Ep. 1; Kabar Baik dan Kabar Buruk 

Senyum lebar menyempurnakan wajah ayu yang dibingkai kacamata bundar milik Kamala. Di tanganya tergenggam erat selembar bukti disahkan dirinya sebagai seorang abdi negara. Nomor Induk Kepegawaian yang melekat padanya kini menandakan awal dari perjuangan untuk mengabdi pada negeri melalui jalur pendidikan.

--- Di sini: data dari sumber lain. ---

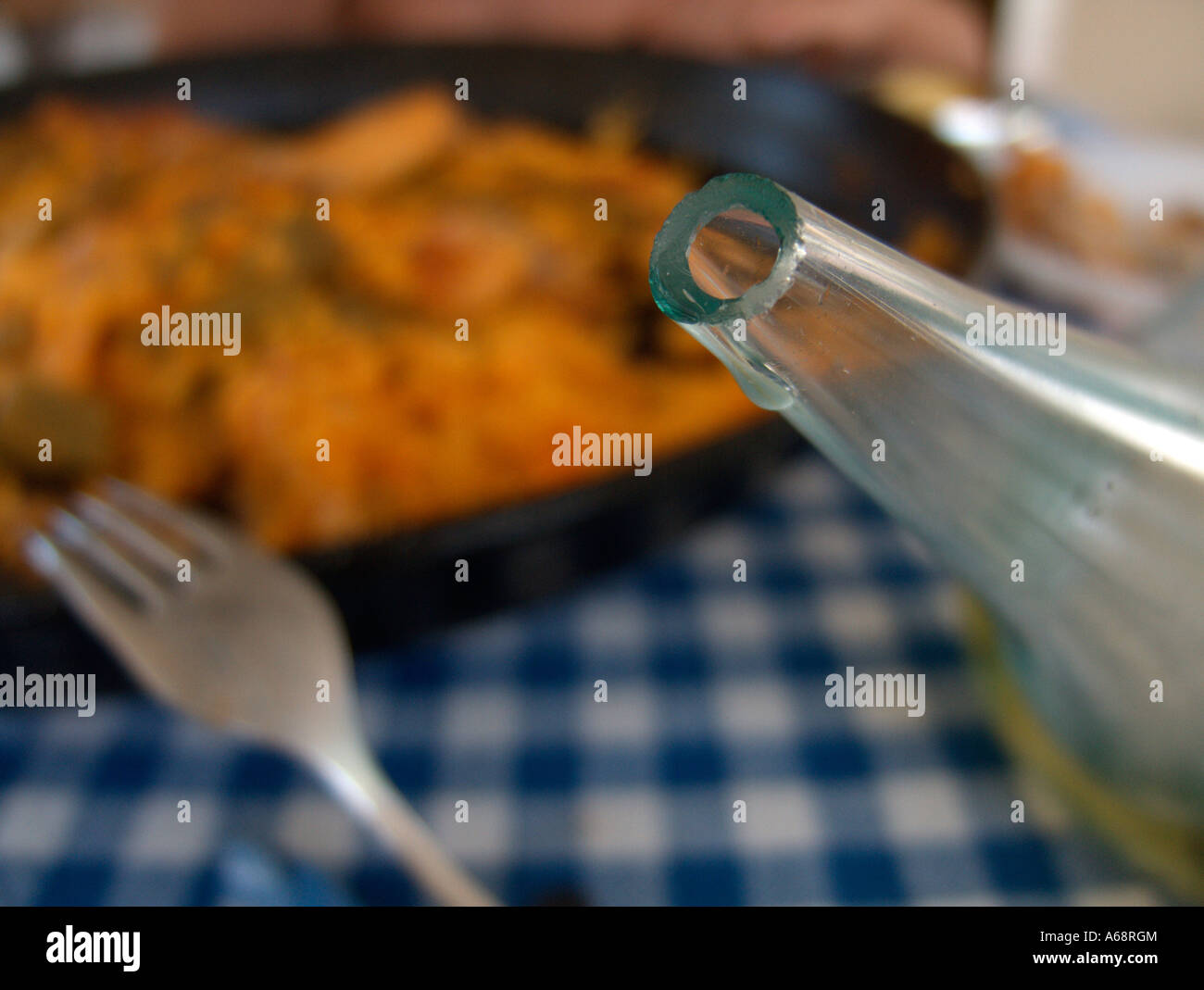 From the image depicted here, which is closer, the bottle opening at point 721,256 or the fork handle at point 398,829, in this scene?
the bottle opening at point 721,256

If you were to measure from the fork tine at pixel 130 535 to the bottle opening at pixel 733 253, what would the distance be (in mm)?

Kamala memeluk erat surat keputusan itu sambil membayangkan wajah Papanya nanti. Atusiasme tinggi tergantung di benak Kamala sepanjang perjalanan menemui papanya yang kini tinggal di pinggir Kota Surabaya. Ia tidak sabar ingin segera bertemu dan mengabarkan berita baik ini pada pilar pertama dalam kehidupan Kamala.

Sepeda motor yang dikendari Kamala berhenti pada sebuah pondok kecil terpisah yang ada di bagian belakang kompleks panti werda. Tidak seperti biasanya, halaman pondok yang biasanya lengang itu kini bertengger sebuah sedan mewah yang terlihat asing. Kamala mempercepat langkah kakinya untuk melihat siapa tamu sang Papa.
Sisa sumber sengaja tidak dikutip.